Several of the conference seminars will focus on entrepreneurship. “If you’re working as a glass artist, you are your own business—or, rather, your skills are your business,” Koss explains. “That’s part of the draw of being a glass artist: the fact that you are working on your own. In 2012, we celebrated 50 years of American studio glass, a movement started by people breaking out of corporate glass jobs, building their own studios in their garages and so on. The entrepreneurial aspect has always been important to this very independent group of artists, which is why we emphasize it in our conferences: business skills, marketing, everything you need to make sure you can sustain yourself in that way. The idea is to give people more operational tools to help them stay artists in uncertain economic times.”

Why Chicago, and why now? “Chicago was always a perfect fit for us with its design, art, food—a popular city for artists to come to—but what we didn’t really have for our conference was enough infrastructure, especially for our lecture-demonstrations,” Koss says. “We needed a pretty large glass studio with enough space for our attendees to view the demonstrations. Now we have that at Ignite, which is fantastic.”
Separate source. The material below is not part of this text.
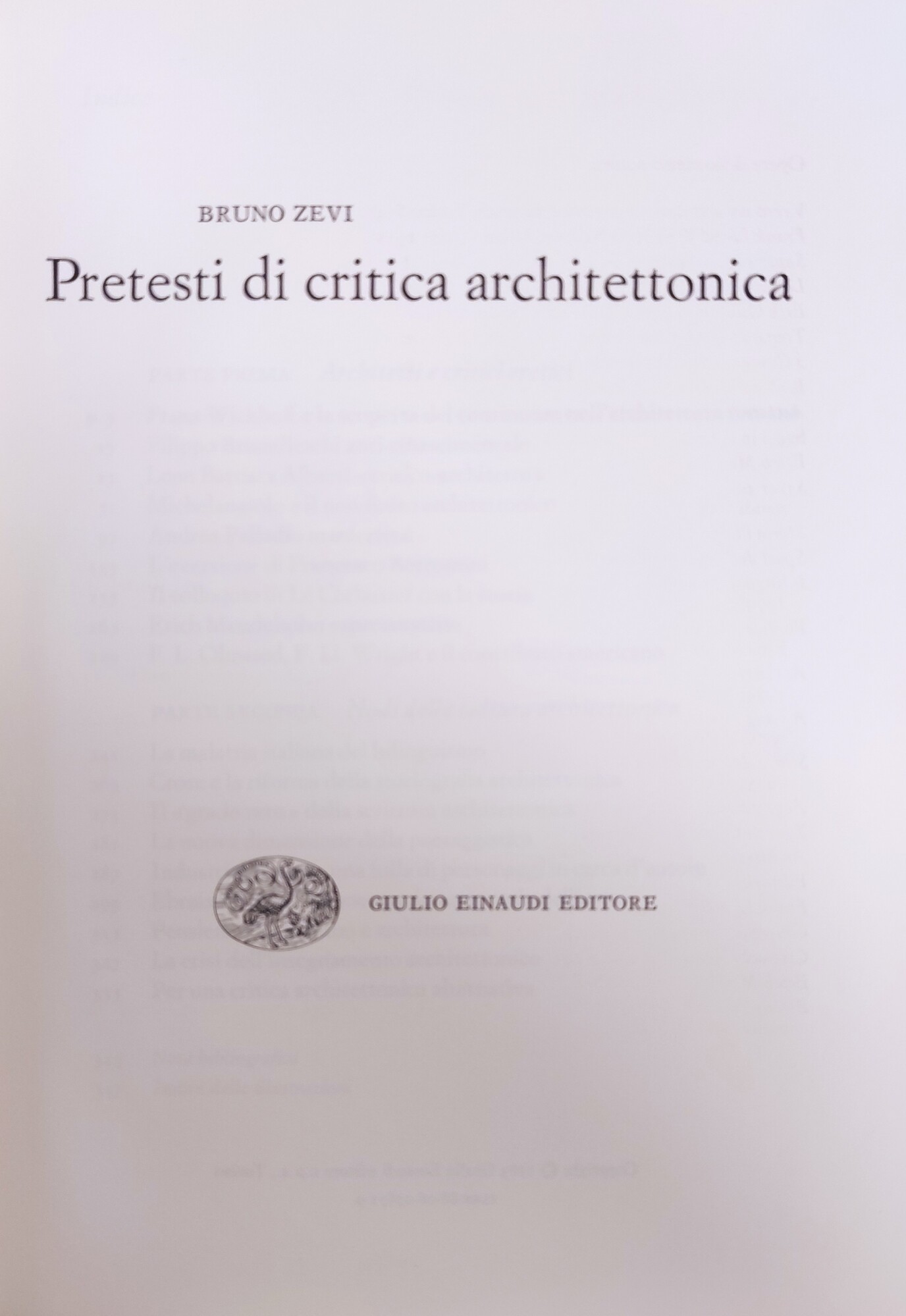 PRETESTI DI CRITICA ARCHITETTONICA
Ignite, a complex with a glass-art gallery, a 3,000-square-foot glassblowing studio and a 6,000-square-foot event space at 401 N. Armour, opened in November 2012, just before that year’s edition of SOFA Chicago, the annual sculpture, objects, functional art and design show at Navy Pier. Among the SOFA attendees that year were Koss and other members of the Glass Art Society, which led to a partnership that ultimately brought the GAS conference to Chicago.
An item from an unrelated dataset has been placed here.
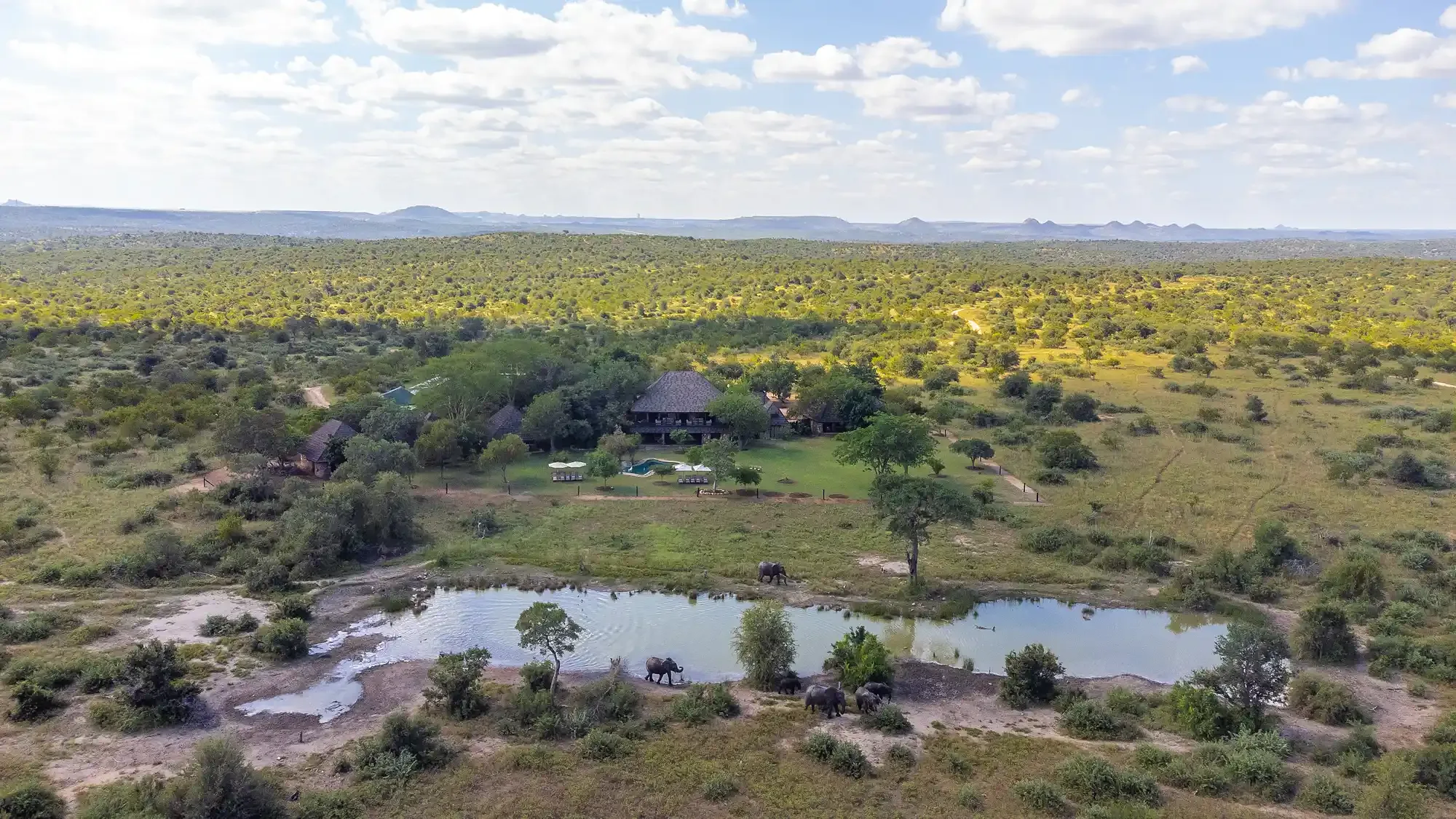 Aerial view of Nzumba Lodge at dawn in Klaserie Private Nature Reserve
“Many of the artists coming into Chicago for SOFA, domestically and internationally, were glass artists, so it seemed like a natural for us to have a reception for them that year,” recalls Trish Tullman, who co-owns Ignite with her husband, Glen. (Glen’s brother, Howard Tullman, is a noted Chicago art collector.) “Pam was there, and afterwards the Glass Art Society approached us about them coming to Chicago in 2014. It’s all worked out according to plan, which is great.”